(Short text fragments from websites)
****

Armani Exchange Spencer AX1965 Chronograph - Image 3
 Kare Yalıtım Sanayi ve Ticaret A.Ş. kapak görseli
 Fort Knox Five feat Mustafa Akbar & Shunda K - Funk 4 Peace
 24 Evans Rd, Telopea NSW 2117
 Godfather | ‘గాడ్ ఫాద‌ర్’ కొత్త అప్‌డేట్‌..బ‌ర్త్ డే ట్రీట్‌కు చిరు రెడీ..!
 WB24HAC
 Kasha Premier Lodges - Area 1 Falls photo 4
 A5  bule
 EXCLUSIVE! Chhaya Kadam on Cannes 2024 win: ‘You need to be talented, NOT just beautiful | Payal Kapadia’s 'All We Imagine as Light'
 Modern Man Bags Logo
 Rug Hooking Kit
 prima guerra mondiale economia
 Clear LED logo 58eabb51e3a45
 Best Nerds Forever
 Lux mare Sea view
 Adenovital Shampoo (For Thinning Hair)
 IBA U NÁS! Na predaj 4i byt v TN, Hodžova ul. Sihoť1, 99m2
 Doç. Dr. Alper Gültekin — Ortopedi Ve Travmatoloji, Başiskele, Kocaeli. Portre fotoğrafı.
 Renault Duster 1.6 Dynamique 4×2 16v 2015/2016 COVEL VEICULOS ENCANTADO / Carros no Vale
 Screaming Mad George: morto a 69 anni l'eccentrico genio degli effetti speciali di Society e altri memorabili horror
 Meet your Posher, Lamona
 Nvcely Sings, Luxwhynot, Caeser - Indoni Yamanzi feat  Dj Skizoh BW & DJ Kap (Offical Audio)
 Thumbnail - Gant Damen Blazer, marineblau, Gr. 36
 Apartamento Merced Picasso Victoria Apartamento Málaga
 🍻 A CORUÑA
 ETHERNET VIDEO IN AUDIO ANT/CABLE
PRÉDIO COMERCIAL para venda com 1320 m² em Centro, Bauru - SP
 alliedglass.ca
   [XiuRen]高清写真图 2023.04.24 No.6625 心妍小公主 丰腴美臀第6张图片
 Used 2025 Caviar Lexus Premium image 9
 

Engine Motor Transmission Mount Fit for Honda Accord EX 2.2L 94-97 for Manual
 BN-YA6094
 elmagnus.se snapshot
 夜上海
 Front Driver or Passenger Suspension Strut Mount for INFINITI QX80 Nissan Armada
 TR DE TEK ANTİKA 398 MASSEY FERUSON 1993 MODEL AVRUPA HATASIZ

****

### Assigned task
Once the line containing "ETHERNET VIDEO IN AUDIO ANT/CABLE" has been written out, please stop; every line before it, back to the first line of the records above, should be given exactly.

### Answer to this problem
Armani Exchange Spencer AX1965 Chronograph - Image 3
 Kare Yalıtım Sanayi ve Ticaret A.Ş. kapak görseli
 Fort Knox Five feat Mustafa Akbar & Shunda K - Funk 4 Peace
 24 Evans Rd, Telopea NSW 2117
 Godfather | ‘గాడ్ ఫాద‌ర్’ కొత్త అప్‌డేట్‌..బ‌ర్త్ డే ట్రీట్‌కు చిరు రెడీ..!
 WB24HAC
 Kasha Premier Lodges - Area 1 Falls photo 4
 A5  bule
 EXCLUSIVE! Chhaya Kadam on Cannes 2024 win: ‘You need to be talented, NOT just beautiful | Payal Kapadia’s 'All We Imagine as Light'
 Modern Man Bags Logo
 Rug Hooking Kit
 prima guerra mondiale economia
 Clear LED logo 58eabb51e3a45
 Best Nerds Forever
 Lux mare Sea view
 Adenovital Shampoo (For Thinning Hair)
 IBA U NÁS! Na predaj 4i byt v TN, Hodžova ul. Sihoť1, 99m2
 Doç. Dr. Alper Gültekin — Ortopedi Ve Travmatoloji, Başiskele, Kocaeli. Portre fotoğrafı.
 Renault Duster 1.6 Dynamique 4×2 16v 2015/2016 COVEL VEICULOS ENCANTADO / Carros no Vale
 Screaming Mad George: morto a 69 anni l'eccentrico genio degli effetti speciali di Society e altri memorabili horror
 Meet your Posher, Lamona
 Nvcely Sings, Luxwhynot, Caeser - Indoni Yamanzi feat  Dj Skizoh BW & DJ Kap (Offical Audio)
 Thumbnail - Gant Damen Blazer, marineblau, Gr. 36
 Apartamento Merced Picasso Victoria Apartamento Málaga
 🍻 A CORUÑA
 ETHERNET VIDEO IN AUDIO ANT/CABLE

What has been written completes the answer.